=== MATERIAL FOR THE TASK ===

————

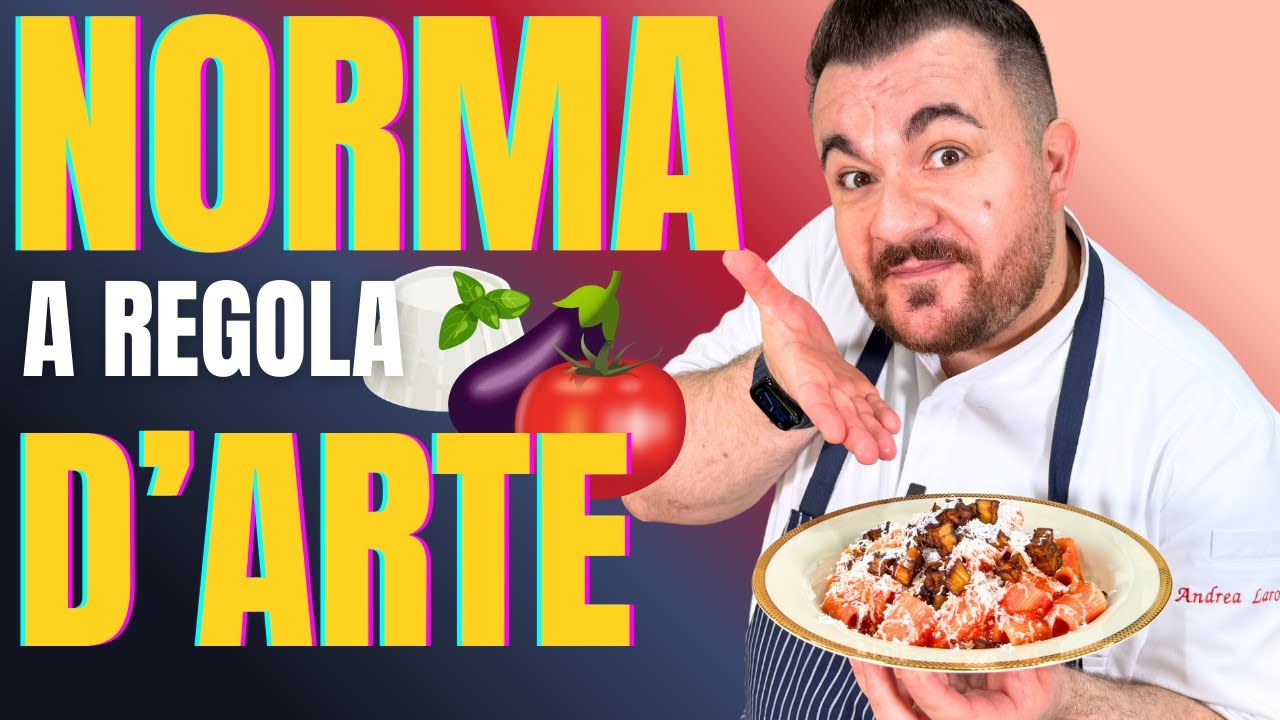 PASTA ALLA NORMA...A REGOLA D'ARTE!!!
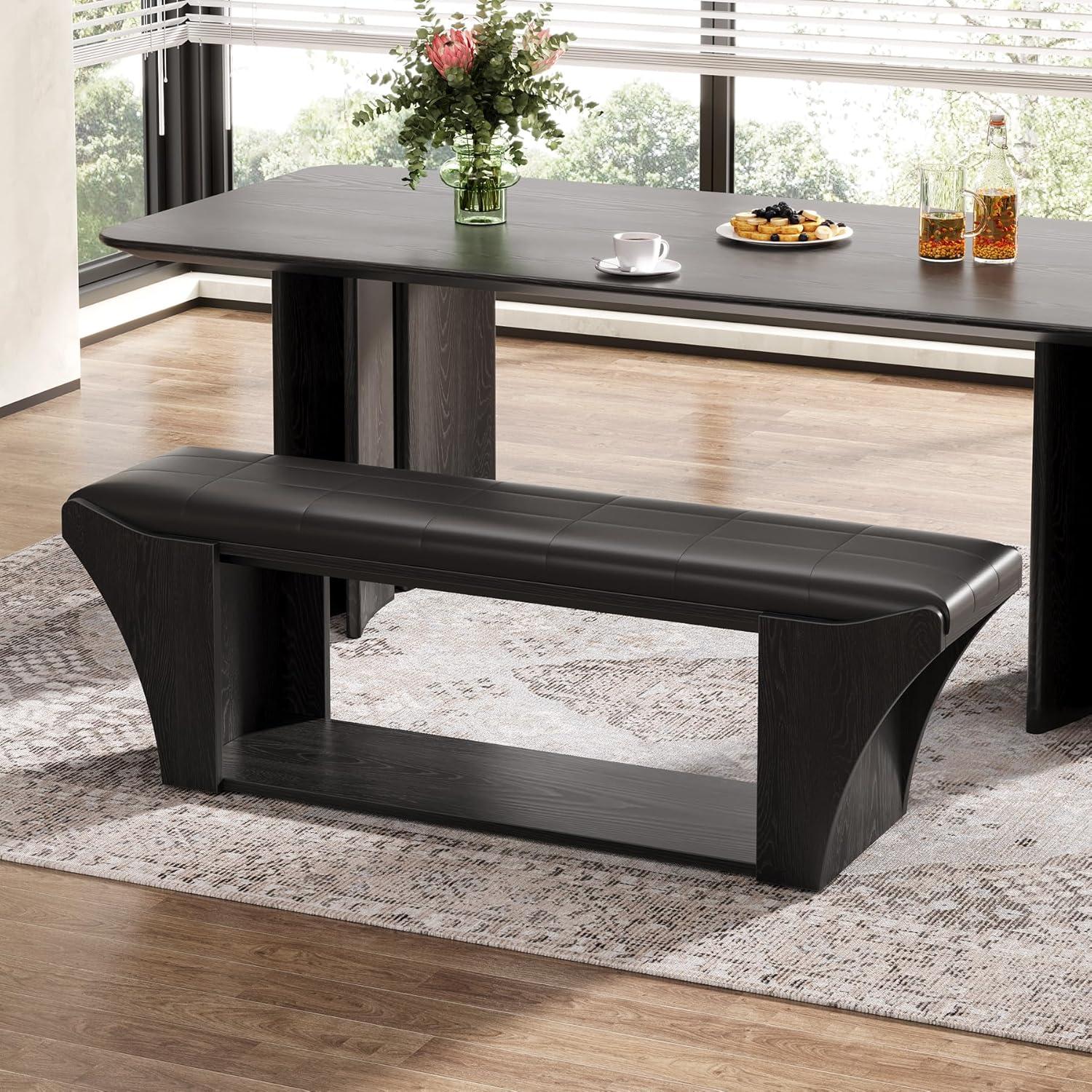 Our Honest Take on the Tribesigns Modern Black Dining Bench
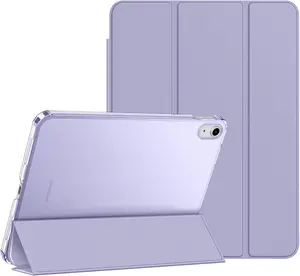 Slim Smart Tablet Case for iPad A16 (11th Gen 11 in 2025) & iPad 10th Gen (10.9 in 2022) - Hard PC Translucent Back, Touch ID Support, Auto Wake/Sleep Function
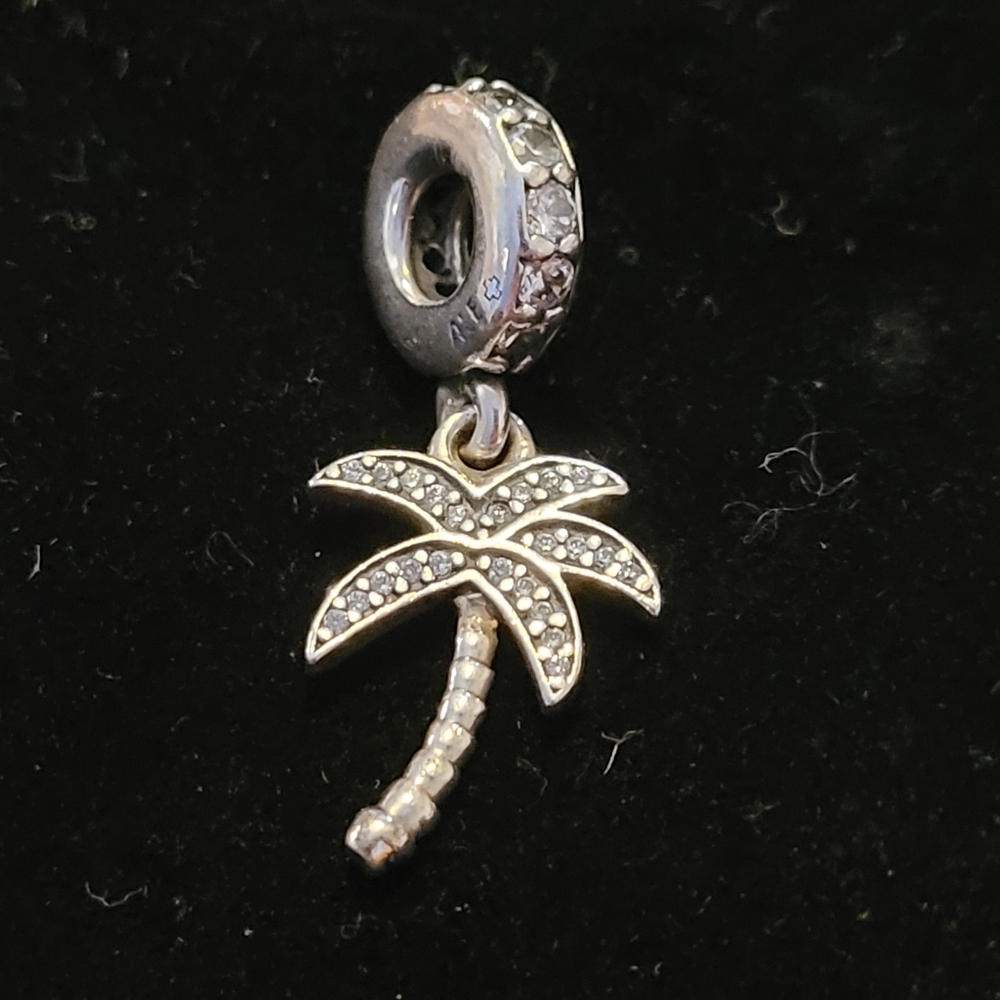 Pandora charm.  Palm tree.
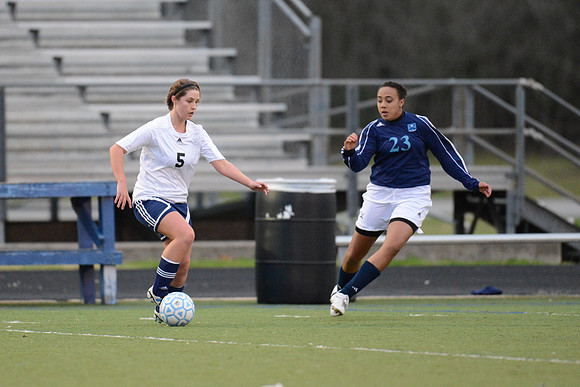 Soccer 2013 Ð Brazoswood Lady Bucs varsity team defeats the Brazoswood Alumni team 2-1.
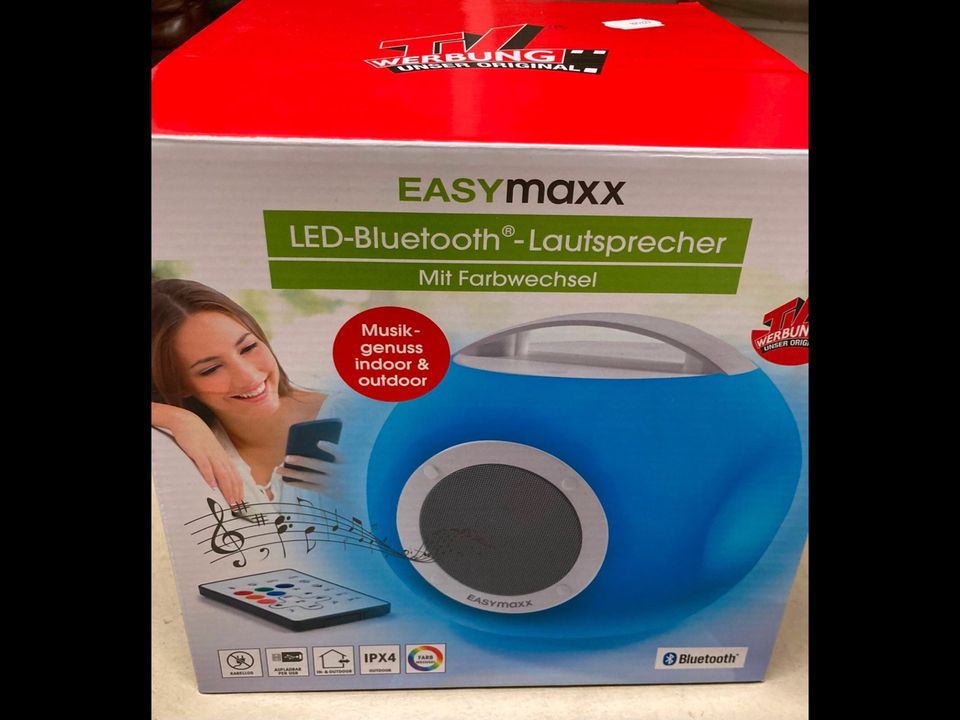 Bluetooth-Lautsprecher EasyMaxx LED in Düsseldorf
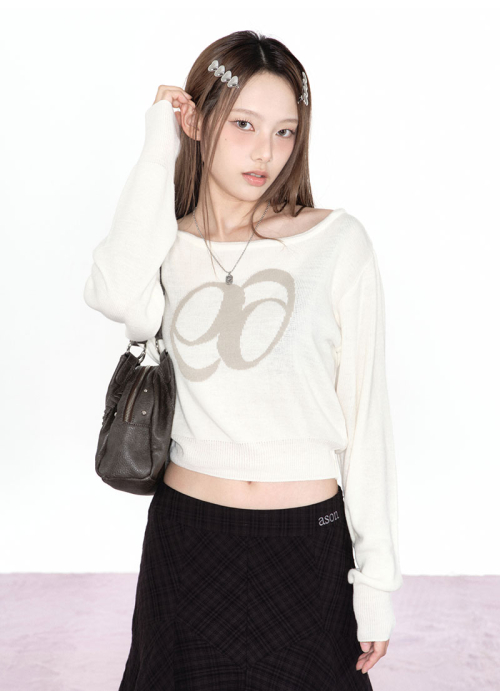BOAT NECK KNIT / IVORY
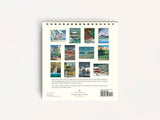 Cavallini 2027 DESK Calendar - Japanese Woodblocks
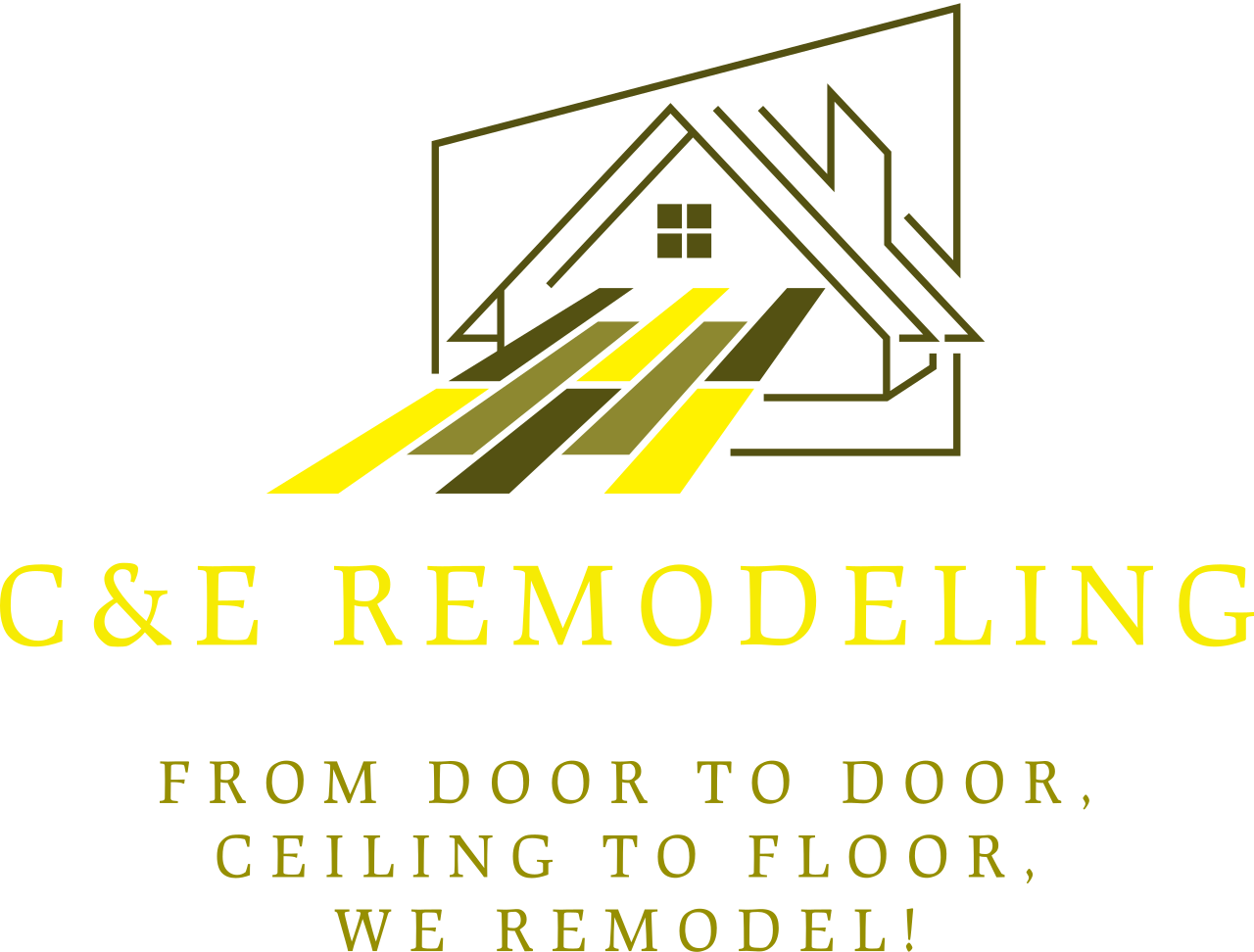 C&E Remodeling's logo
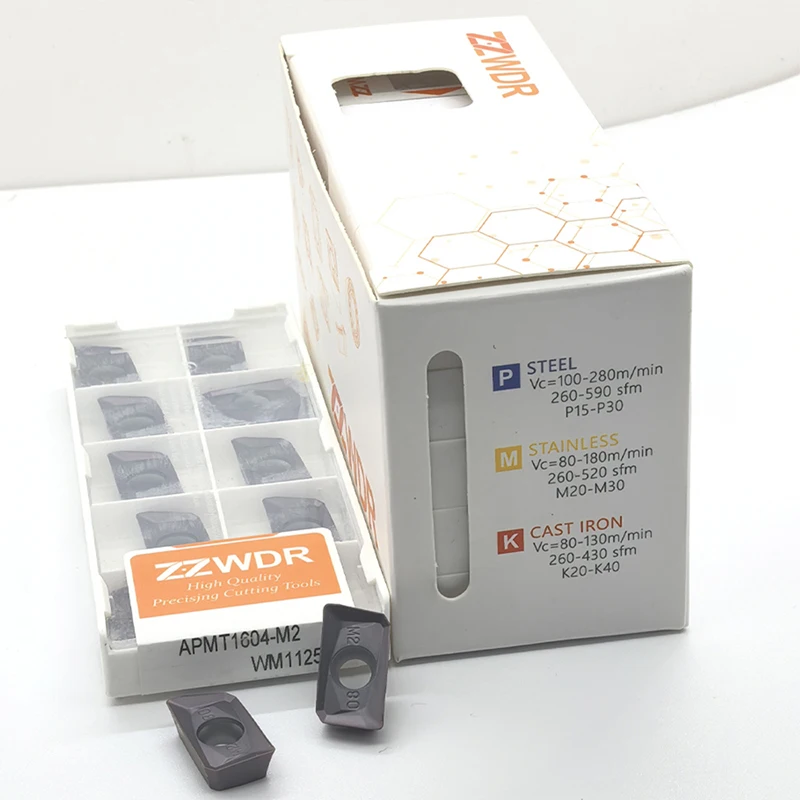 APMT1135 M2 WM1125K APMT1604 fresa de inserción de carburo APMT herramientas de torno CNC de alta calidad herramienta de torneado para acero inoxidable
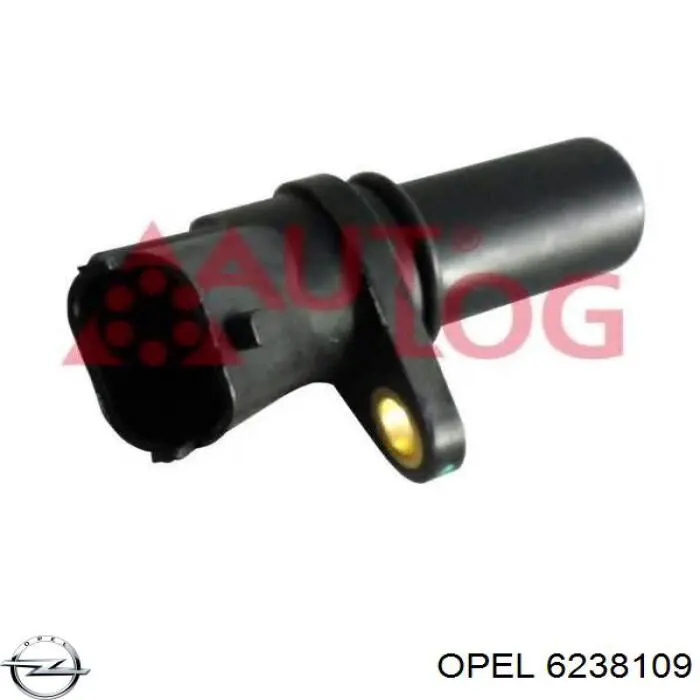 6238109 Opel sensor de cigüeñal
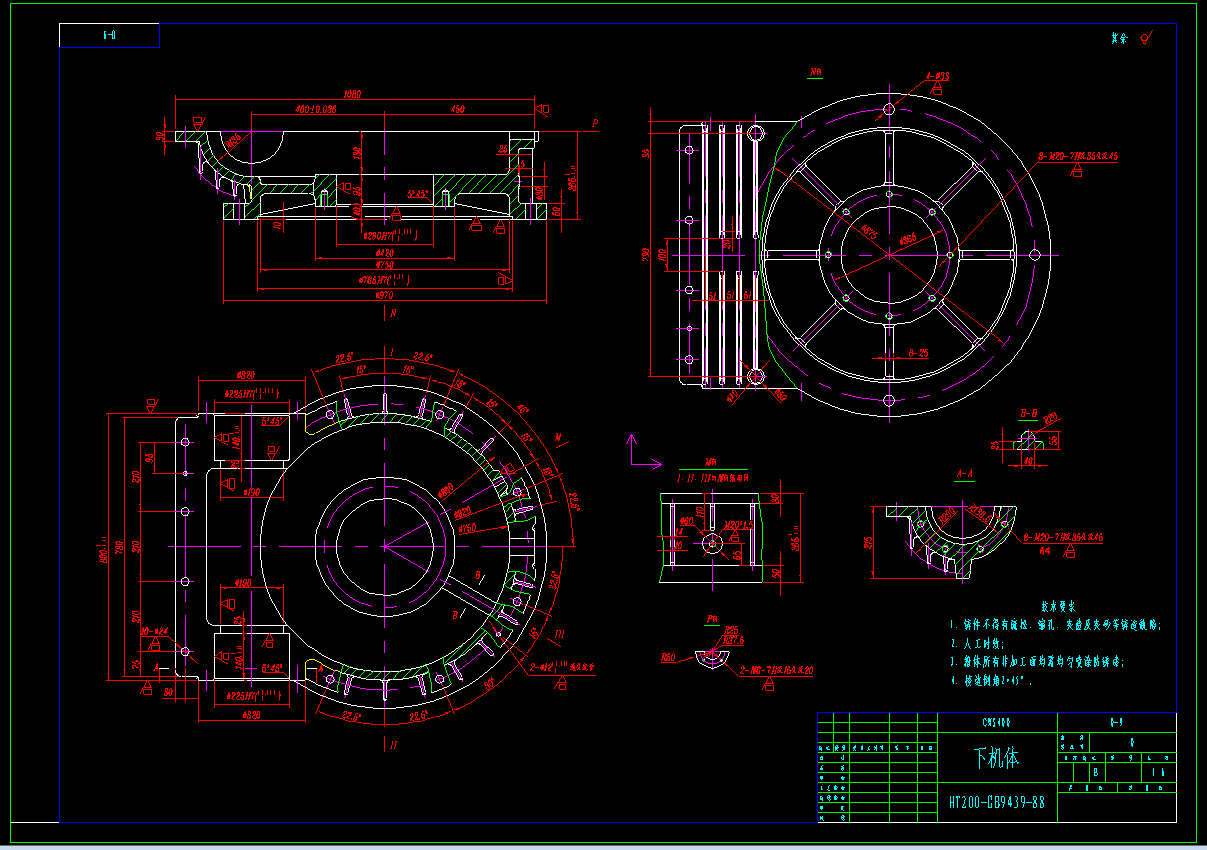 CWS400蜗轮蜗杆减速机图纸=====J5==15元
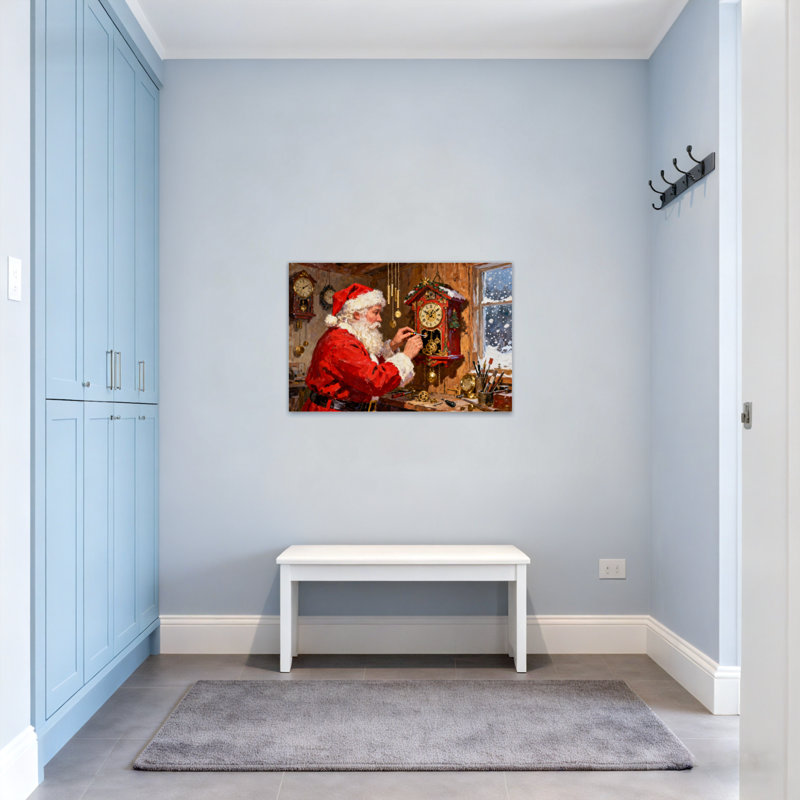 Horloge coucou de Noël, H 12 po x l 18 po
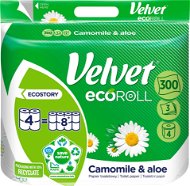 VELVET Eco Roll Camomile (4 ks) - Toilet Paper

————

=== DESCRIPTION OF THE TASK ===
Pictures are to be dropped, and the lines from the line with "6238109 Opel sensor de cigüeñal" through the end of the material above are to be reproduced exactly.

=== RESULT ===
 6238109 Opel sensor de cigüeñal
 CWS400蜗轮蜗杆减速机图纸=====J5==15元
 Horloge coucou de Noël, H 12 po x l 18 po
 VELVET Eco Roll Camomile (4 ks) - Toilet Paper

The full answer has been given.